Olivier Tharan Site Reliability Engineer / DevOps email@example.com +33 6 25 13 31 08
I enjoy working on infrastructure and making sure it is always on, and design computer systems that allow automation, on the principle of “Don’t Repeat Yourself”, in order to make people more productive. Along my career, I evolved from a pure operations perspective with oncall duties on the firefighting side, to be more development-oriented, and would like to share this knowledge with other teams, and grow with them.
Site Reliability Engineer for the Corporate Engineering team, based in Dublin, Ireland, then Paris, France. My main job for 12 years has been to ensure that internal services for the company keep running, and the 60,000+ Google employees can work productively.
Redefine the concept of Enterprise architecture beyond the traditional network perimeter, by providing finer-grained access controls for all internal services and stop relying on internal IP addresses as indicators of trust. A presentation on this project was made at LISA’13.
I initiated the project, which was mostly program management and directing the work of dozens of different teams across the IT and Security departments.
I designed a client-server project to send logs from all corporate machines to our centralized logs systems; I wrote the server in C++.
Moving from a permit-all network to permissions based on machine certificates and LDAP group membership requires self-service tools for Google employees.I am currently designing and implementing a tool to troubleshoot network access issues for corporate users, leading a small team around it and building the Go-based server software.

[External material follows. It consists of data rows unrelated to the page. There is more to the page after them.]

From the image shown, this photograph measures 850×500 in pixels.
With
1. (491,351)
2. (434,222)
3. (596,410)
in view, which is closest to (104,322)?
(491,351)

Admin our fleet of internal virtual machines running the Ganeti software (opensource, built in-house). These go from 2-machine clusters to several racks worth of virtual machines located in our offices and datacenters. My job was to reply to alerts, performing upgrades and build automation tools to manage large clusters of virtual machines.
Be oncall for critical Google services with a tight SLA, < 5m response.

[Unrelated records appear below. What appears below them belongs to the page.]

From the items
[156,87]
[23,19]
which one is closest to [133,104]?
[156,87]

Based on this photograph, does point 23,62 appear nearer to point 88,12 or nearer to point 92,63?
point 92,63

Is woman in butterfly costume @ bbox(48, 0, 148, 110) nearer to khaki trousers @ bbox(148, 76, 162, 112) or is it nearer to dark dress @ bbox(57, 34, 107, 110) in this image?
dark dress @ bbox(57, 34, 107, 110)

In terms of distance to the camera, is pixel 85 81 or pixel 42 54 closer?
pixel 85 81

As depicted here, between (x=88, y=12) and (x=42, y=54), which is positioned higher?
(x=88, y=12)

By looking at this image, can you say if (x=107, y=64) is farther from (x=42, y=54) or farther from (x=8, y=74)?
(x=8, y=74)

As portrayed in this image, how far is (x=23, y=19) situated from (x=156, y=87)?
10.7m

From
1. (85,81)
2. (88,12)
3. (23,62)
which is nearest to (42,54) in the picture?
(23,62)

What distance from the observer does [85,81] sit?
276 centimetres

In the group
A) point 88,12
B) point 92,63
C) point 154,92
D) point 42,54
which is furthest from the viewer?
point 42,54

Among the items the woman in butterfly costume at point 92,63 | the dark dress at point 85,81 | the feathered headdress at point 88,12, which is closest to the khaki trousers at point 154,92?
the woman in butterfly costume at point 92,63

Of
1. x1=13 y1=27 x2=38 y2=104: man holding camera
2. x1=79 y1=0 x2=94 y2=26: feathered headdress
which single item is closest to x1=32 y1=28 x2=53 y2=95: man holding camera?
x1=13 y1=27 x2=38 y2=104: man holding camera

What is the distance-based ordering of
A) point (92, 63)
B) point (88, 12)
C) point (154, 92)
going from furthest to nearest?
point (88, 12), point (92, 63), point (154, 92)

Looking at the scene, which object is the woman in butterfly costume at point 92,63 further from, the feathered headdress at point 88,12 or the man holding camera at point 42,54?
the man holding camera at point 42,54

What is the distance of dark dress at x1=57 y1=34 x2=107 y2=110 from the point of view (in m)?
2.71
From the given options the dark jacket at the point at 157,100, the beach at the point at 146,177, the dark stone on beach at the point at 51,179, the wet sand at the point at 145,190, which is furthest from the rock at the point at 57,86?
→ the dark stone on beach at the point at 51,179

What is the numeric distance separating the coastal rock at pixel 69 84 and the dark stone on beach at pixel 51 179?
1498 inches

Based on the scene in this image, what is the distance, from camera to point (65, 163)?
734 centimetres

Change management: we have a corporate change management process, which consists in reviewing upcoming changes, making sure they are planned with appropriate thoughts for user communication, planned rollback, escalation paths, etc. I chaired the weekly meetings and brought lots of improvements to the process itself.
Manage the fleet of NetApp fileservers across the company. Google has some of the largest distributed fleet of filers for its corporate needs.
Manage a fleet of proxy servers (Squid and in-house).
Write and deploy application servers (HTTP + RPC) written in C++, Go and Python on standard Google production environment (Borg), with all the relevant SRE practices. Gained internal readability in C++ and Python, working on Go. Project management skills involve project tracking, making sure various services are up to SRE standards by performing a Production Readiness Review (and updating the review process itself), help development teams get to these standards, lead 2-3 person teams on a project, communicate with teams all across the company.
Systems design: I wrote several designs ending up in full-fledged projects. The major one is “Beyond Corp” described above. I also reviewed dozens of projects with relevant feedback.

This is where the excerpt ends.